======== Entries supplied

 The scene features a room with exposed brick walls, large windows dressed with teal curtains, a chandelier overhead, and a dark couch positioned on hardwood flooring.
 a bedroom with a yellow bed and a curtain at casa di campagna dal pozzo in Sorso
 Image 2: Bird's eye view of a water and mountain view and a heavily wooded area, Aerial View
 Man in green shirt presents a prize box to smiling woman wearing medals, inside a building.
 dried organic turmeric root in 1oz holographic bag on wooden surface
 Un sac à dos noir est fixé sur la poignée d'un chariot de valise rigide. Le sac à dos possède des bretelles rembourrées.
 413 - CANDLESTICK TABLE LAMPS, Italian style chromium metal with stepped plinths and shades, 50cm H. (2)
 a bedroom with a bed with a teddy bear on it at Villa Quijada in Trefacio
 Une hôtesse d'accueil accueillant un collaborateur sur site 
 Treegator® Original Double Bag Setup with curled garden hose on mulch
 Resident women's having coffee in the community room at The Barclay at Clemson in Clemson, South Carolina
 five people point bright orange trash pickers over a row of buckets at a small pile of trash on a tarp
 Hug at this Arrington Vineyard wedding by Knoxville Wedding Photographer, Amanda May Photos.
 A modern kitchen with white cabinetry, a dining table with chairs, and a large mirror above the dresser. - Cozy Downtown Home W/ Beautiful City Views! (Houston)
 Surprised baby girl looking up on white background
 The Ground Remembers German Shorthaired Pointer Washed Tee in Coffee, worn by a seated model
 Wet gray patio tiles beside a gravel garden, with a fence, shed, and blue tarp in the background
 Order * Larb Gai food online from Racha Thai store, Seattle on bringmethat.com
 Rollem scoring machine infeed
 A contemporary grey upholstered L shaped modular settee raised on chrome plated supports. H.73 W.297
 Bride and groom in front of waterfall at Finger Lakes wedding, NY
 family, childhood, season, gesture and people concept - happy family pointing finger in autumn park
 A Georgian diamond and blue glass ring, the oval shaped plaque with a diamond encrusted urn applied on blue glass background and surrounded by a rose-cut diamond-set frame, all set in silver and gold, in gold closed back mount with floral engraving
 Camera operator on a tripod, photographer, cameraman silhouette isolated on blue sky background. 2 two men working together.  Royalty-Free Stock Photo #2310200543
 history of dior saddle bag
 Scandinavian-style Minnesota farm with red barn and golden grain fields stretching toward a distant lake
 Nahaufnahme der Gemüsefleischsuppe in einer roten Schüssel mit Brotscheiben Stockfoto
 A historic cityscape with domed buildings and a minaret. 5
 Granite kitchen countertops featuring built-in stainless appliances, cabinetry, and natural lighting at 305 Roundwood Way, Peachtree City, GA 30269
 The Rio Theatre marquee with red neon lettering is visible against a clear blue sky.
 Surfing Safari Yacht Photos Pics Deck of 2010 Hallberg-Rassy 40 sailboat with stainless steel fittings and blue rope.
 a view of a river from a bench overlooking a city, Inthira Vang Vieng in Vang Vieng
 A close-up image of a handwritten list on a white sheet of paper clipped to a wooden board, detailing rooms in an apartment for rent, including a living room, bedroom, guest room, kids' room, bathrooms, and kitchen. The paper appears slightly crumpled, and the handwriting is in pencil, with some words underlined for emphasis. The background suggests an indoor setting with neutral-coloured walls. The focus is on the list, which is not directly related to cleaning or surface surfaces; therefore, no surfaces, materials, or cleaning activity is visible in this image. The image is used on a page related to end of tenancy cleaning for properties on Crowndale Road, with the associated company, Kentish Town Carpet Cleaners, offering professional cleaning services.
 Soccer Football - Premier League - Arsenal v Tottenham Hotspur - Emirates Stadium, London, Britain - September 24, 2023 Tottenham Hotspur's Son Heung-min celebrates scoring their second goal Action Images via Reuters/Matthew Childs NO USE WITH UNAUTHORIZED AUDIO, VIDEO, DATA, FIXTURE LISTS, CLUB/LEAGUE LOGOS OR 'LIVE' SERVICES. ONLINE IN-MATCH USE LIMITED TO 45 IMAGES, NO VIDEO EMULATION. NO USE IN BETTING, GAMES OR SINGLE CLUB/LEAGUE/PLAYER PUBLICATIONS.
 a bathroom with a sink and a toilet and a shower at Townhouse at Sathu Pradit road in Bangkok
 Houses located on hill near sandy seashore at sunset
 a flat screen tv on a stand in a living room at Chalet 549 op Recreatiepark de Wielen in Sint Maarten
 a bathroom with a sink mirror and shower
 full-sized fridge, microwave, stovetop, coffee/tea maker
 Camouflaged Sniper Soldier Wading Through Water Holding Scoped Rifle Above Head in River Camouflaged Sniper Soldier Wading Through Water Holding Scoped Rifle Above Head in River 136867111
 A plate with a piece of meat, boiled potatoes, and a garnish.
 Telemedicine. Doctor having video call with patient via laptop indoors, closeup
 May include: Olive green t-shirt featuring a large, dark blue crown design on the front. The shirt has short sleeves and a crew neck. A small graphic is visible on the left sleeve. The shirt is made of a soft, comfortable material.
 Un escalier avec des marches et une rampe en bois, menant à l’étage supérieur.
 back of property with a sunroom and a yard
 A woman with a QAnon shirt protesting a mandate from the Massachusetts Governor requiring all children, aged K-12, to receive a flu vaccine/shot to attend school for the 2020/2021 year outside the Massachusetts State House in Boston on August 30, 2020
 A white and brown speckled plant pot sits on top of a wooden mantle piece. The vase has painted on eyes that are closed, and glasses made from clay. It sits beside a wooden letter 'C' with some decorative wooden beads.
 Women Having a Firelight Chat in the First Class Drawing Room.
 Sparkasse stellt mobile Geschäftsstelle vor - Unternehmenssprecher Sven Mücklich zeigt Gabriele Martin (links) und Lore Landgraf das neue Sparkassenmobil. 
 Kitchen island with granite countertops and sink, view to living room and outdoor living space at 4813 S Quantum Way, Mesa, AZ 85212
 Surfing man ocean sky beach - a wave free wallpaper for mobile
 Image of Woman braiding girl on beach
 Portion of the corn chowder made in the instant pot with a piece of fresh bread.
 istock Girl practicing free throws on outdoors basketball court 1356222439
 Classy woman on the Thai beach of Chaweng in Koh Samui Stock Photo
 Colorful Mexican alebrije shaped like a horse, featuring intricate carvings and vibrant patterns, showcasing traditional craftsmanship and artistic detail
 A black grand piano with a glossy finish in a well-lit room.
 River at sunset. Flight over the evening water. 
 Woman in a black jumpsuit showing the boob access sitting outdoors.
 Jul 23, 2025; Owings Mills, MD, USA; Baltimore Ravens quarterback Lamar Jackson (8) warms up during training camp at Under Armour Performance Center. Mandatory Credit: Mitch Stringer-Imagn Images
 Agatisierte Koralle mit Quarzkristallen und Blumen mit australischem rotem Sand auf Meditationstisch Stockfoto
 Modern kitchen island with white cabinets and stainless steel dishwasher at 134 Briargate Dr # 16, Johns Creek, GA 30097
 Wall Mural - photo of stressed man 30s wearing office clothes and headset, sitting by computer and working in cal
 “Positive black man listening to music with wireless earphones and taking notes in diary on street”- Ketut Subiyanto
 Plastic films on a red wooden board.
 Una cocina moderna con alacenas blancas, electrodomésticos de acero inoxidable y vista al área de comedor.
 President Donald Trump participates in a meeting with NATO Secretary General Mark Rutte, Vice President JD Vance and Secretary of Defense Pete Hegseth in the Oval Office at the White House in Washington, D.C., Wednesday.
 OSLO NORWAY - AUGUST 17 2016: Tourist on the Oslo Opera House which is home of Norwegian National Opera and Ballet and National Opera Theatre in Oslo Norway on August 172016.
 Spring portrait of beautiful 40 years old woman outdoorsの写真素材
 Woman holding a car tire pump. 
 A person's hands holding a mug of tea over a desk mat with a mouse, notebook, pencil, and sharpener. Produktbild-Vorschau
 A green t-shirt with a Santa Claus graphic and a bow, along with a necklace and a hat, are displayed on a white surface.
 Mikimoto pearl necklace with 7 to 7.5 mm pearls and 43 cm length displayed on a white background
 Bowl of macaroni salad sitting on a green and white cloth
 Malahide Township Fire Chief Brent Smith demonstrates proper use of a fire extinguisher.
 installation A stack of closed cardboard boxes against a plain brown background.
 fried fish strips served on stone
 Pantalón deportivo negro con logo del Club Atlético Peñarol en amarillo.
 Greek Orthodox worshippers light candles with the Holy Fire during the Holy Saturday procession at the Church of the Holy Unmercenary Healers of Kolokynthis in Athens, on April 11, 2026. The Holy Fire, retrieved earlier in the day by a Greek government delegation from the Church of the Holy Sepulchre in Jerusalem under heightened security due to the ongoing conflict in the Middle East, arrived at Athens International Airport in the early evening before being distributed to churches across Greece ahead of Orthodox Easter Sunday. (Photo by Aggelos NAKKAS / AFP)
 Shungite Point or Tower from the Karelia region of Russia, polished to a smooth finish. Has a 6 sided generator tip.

================

What is expected = Starting with the line with "A plate with" above and going on through the line with "Sparkasse stellt mobile", transcribe every line exactly, both ends included, and add nothing.

Solution to the problem =
 A plate with a piece of meat, boiled potatoes, and a garnish.
 Telemedicine. Doctor having video call with patient via laptop indoors, closeup
 May include: Olive green t-shirt featuring a large, dark blue crown design on the front. The shirt has short sleeves and a crew neck. A small graphic is visible on the left sleeve. The shirt is made of a soft, comfortable material.
 Un escalier avec des marches et une rampe en bois, menant à l’étage supérieur.
 back of property with a sunroom and a yard
 A woman with a QAnon shirt protesting a mandate from the Massachusetts Governor requiring all children, aged K-12, to receive a flu vaccine/shot to attend school for the 2020/2021 year outside the Massachusetts State House in Boston on August 30, 2020
 A white and brown speckled plant pot sits on top of a wooden mantle piece. The vase has painted on eyes that are closed, and glasses made from clay. It sits beside a wooden letter 'C' with some decorative wooden beads.
 Women Having a Firelight Chat in the First Class Drawing Room.
 Sparkasse stellt mobile Geschäftsstelle vor - Unternehmenssprecher Sven Mücklich zeigt Gabriele Martin (links) und Lore Landgraf das neue Sparkassenmobil. 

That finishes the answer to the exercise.